» **Data segment**
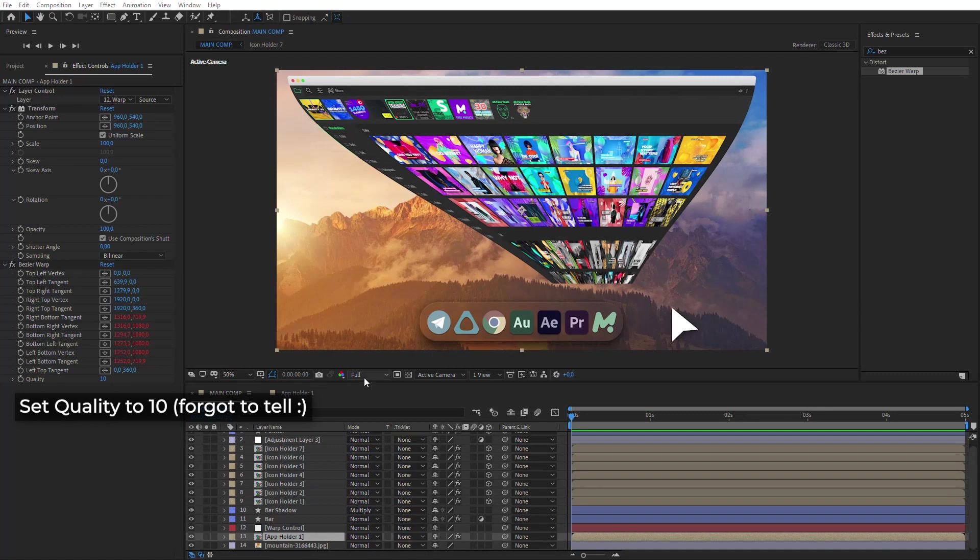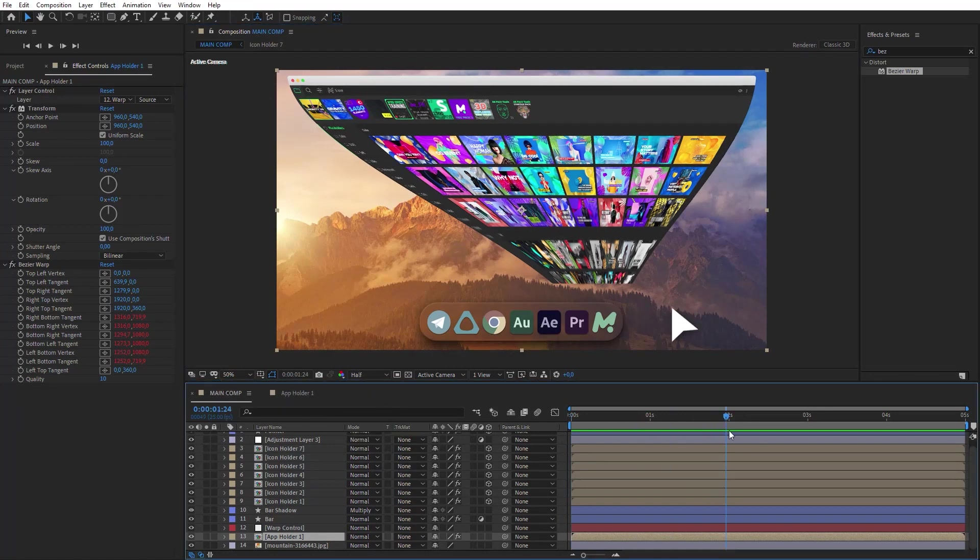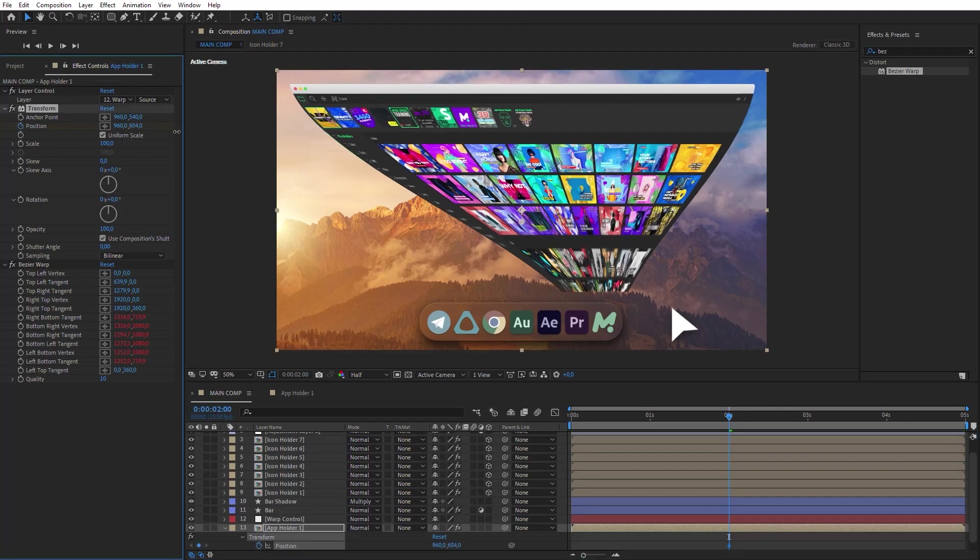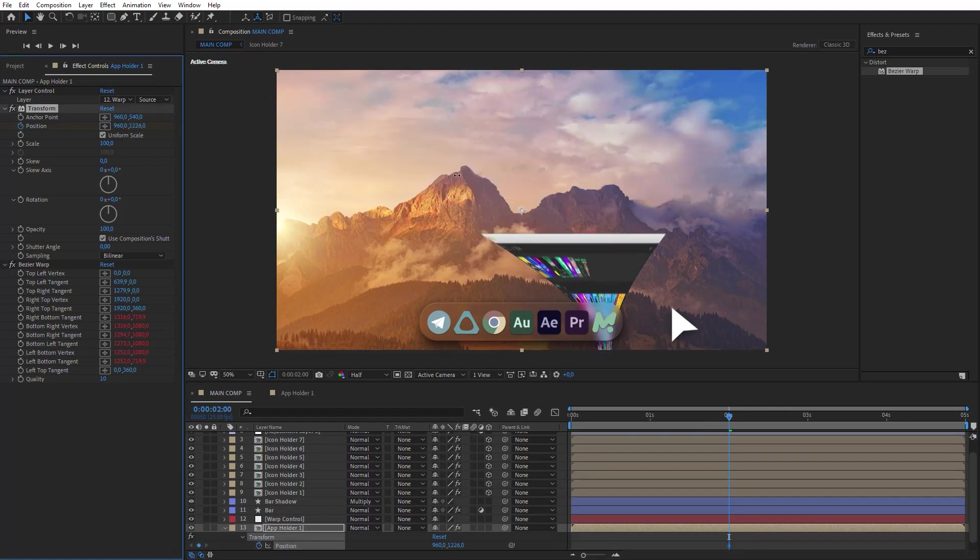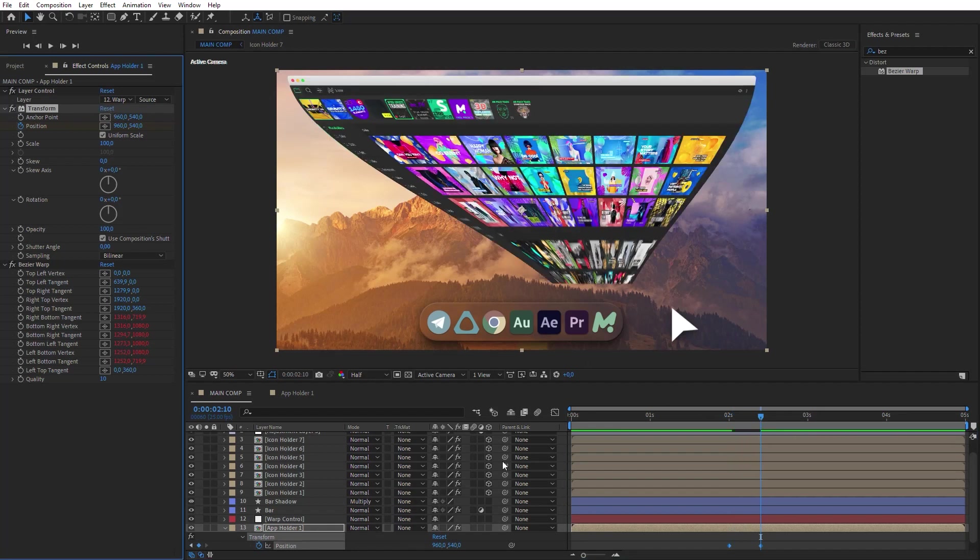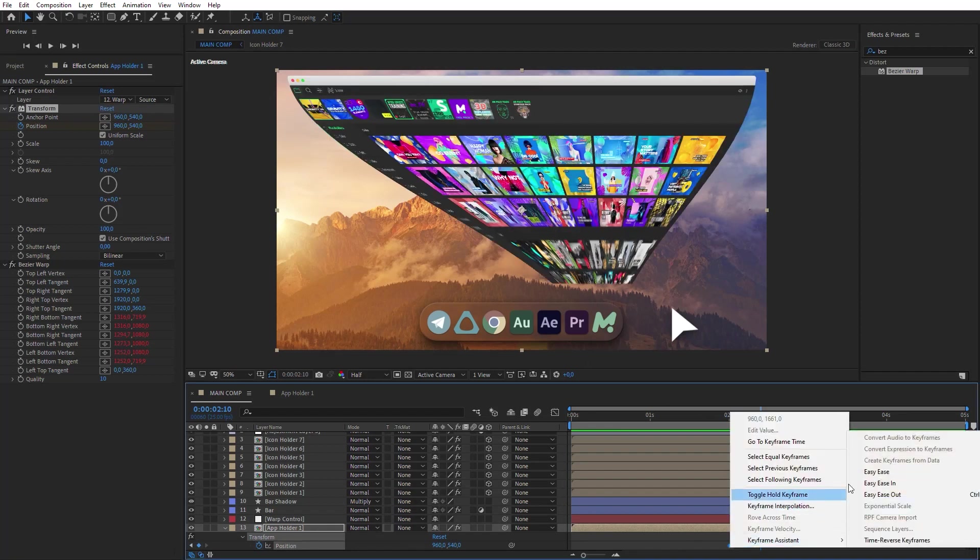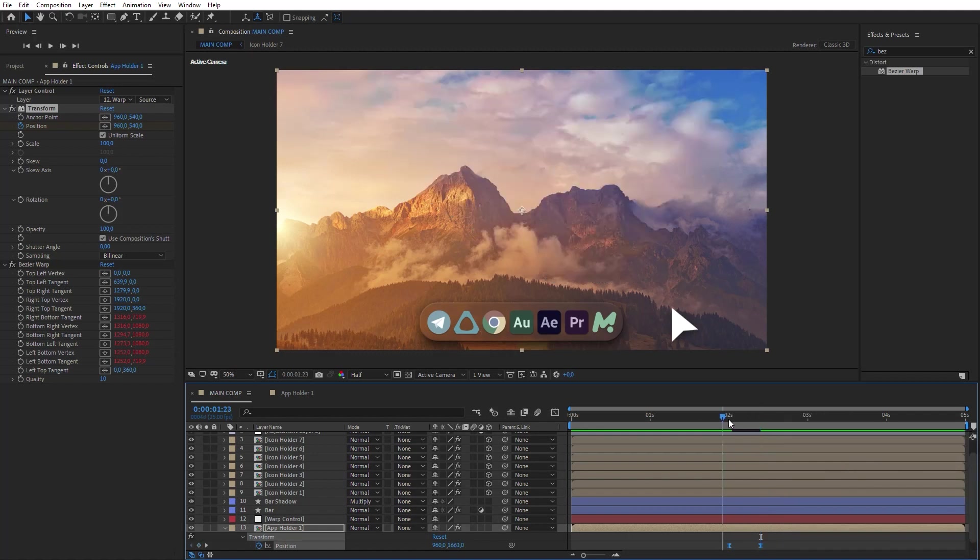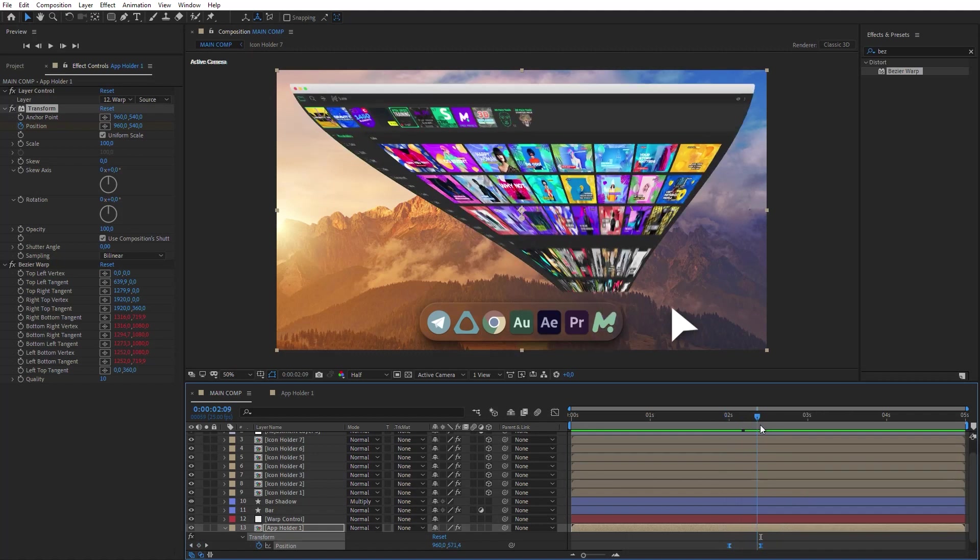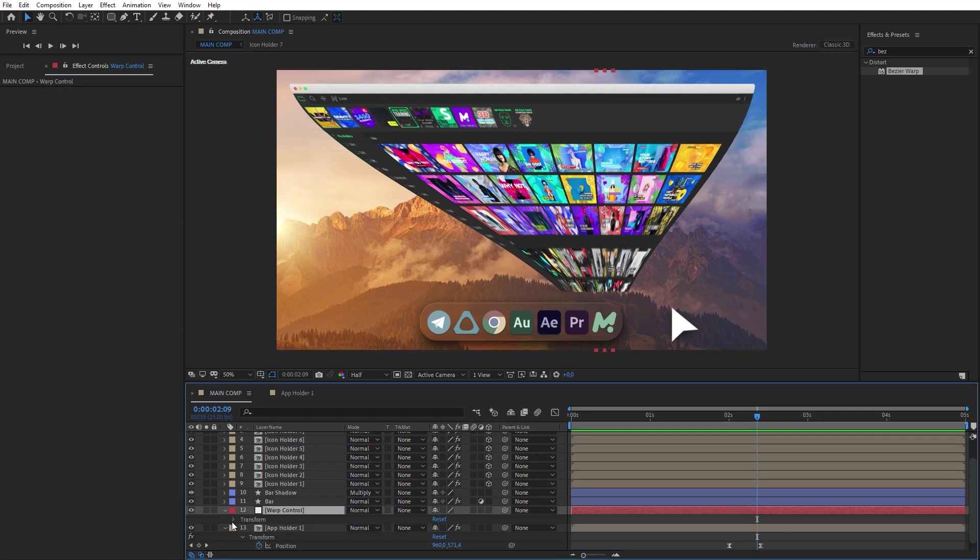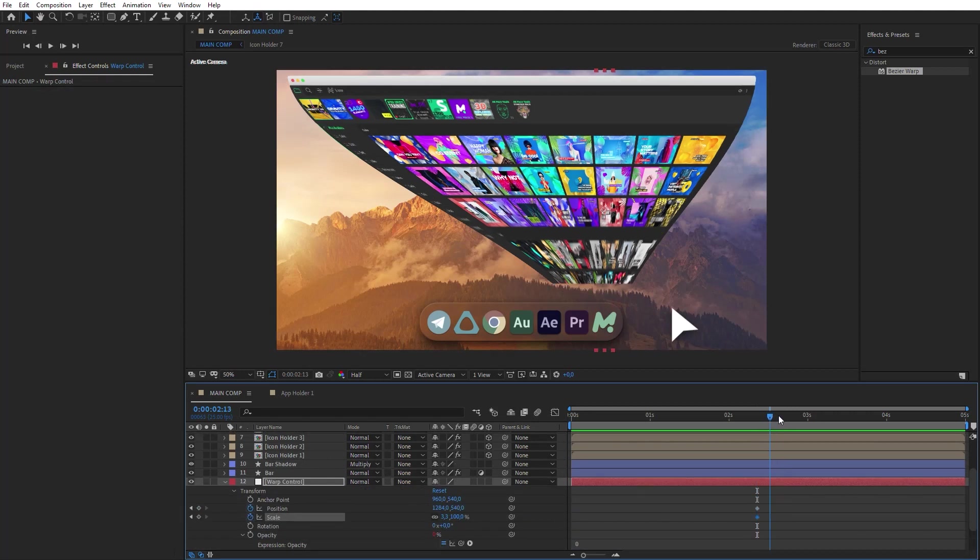Now let's make the transition animation. Select a frame that should be the beginning of the transition and animate the Y position of Transform effect. Beginning with this frame, let's animate the Warp Control layer in the order so it can be back to the initial transformations.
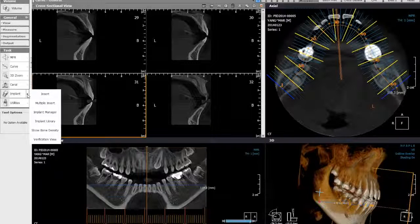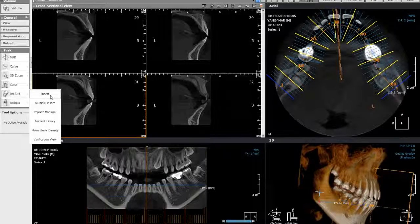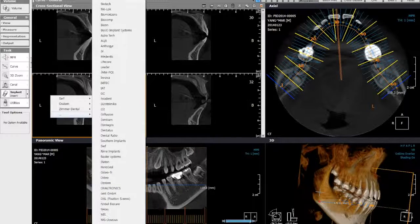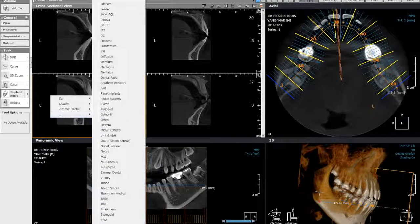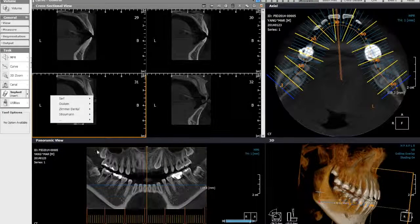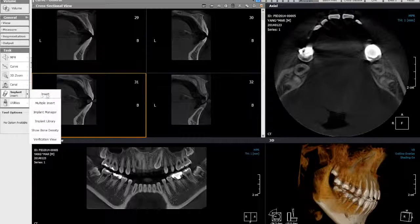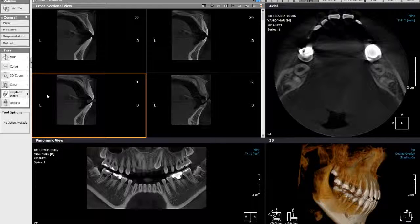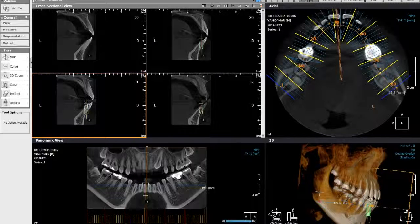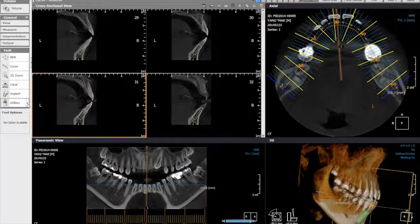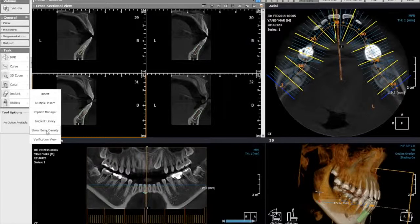If you would like to place an implant, you have multiple options. You can manage the implant library, but most of the time you can simply insert an implant. Choose the manufacturer you are looking for — from the library you can pick your preference, and most common manufacturers are available. Once ready to insert, choose insert and drop the implant where you want, then move the implant and change the angle. You can see it in any of the views as well as in the 3D representation.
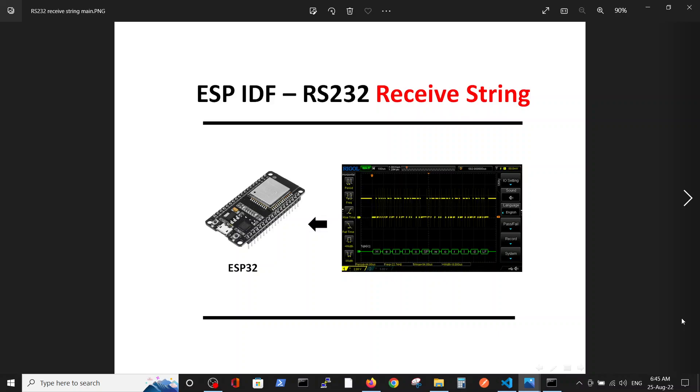Hello, we continue our series of videos regarding transmission and reception of data via RS-232 in ESP-IDF environment for ESP32 processor. In this video we're going to talk about reception of a string inside ESP32. It's very similar code to what we did a few videos ago with reception of character, but here we dive a little bit deeper into string transmission.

» **Assignment**
Reproduce, word for word, the lines from the one containing "If you would" through the final line above. Leave every picture out.

» **Response**
If you would like to place an implant, you have multiple options. You can manage the implant library, but most of the time you can simply insert an implant. Choose the manufacturer you are looking for — from the library you can pick your preference, and most common manufacturers are available. Once ready to insert, choose insert and drop the implant where you want, then move the implant and change the angle. You can see it in any of the views as well as in the 3D representation.
Hello, we continue our series of videos regarding transmission and reception of data via RS-232 in ESP-IDF environment for ESP32 processor. In this video we're going to talk about reception of a string inside ESP32. It's very similar code to what we did a few videos ago with reception of character, but here we dive a little bit deeper into string transmission.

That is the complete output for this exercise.